The Gentle Parenting Movement Has Entered Dog Care. Here's What It Actually Means
"Can you believe people are actually calling it 'gentle parenting' for dogs now?"
A friend sent me this article last week with an eye roll emoji, like it was the most ridiculous thing she'd ever heard.
But here's what I told her:
We've been doing this for years. We just didn't have a trendy name for it.
When I left my six-figure tech career to start Betches Walking Betches, it was because I saw a gap in the pet care industry. Too many walkers were going through the motions. Checking boxes. Treating dogs like tasks on a to-do list instead of living beings with complex emotional lives.

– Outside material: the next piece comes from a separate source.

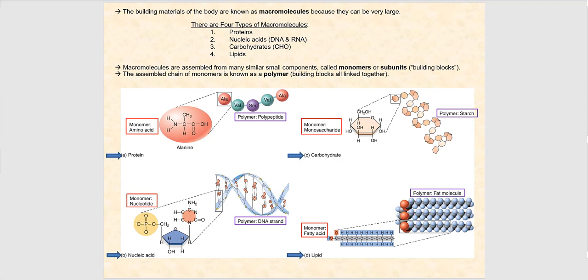The first macromolecule is proteins, and their monomers are amino acids. Alanine is one example of the 20 amino acids we have. When we link individual amino acids together, we form a polypeptide. The covalent bonds holding these amino acids together are peptide bonds — right there is a peptide bond between valine and alanine. Chemical digestion of proteins involves proteases, which break these peptide bonds. The only way to absorb protein is when it's broken down to individual amino acids; otherwise it's simply too big.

I knew there had to be a better way.
The so-called "gentle parenting" movement in dog care isn't new. It's just finally catching up to what devoted dog parents have known all along: our pets deserve the same patience, empathy, and emotional intelligence we'd give any loved one.
This means we don't just show up and clip on a leash. We read the room. We notice when a dog is having an off day. We adjust our approach based on their mood, energy level, and comfort. We celebrate small victories and never punish fear.
Every member of our team is Small Animal CPR & First Aid Certified. They're background checked and insured. But more importantly? They're chosen because they genuinely see animals as individuals worthy of respect and understanding.
Because here's the truth: you can teach someone to walk a dog in five minutes. But teaching someone to truly care, to notice the subtle shifts in behavior, to build trust instead of just compliance? That's not a skill. That's a value system.
So call it gentle parenting if you want. We call it doing right by the animals who trust us with their wellbeing.
And in a city like LA where your dog is family, that's the only standard worth holding.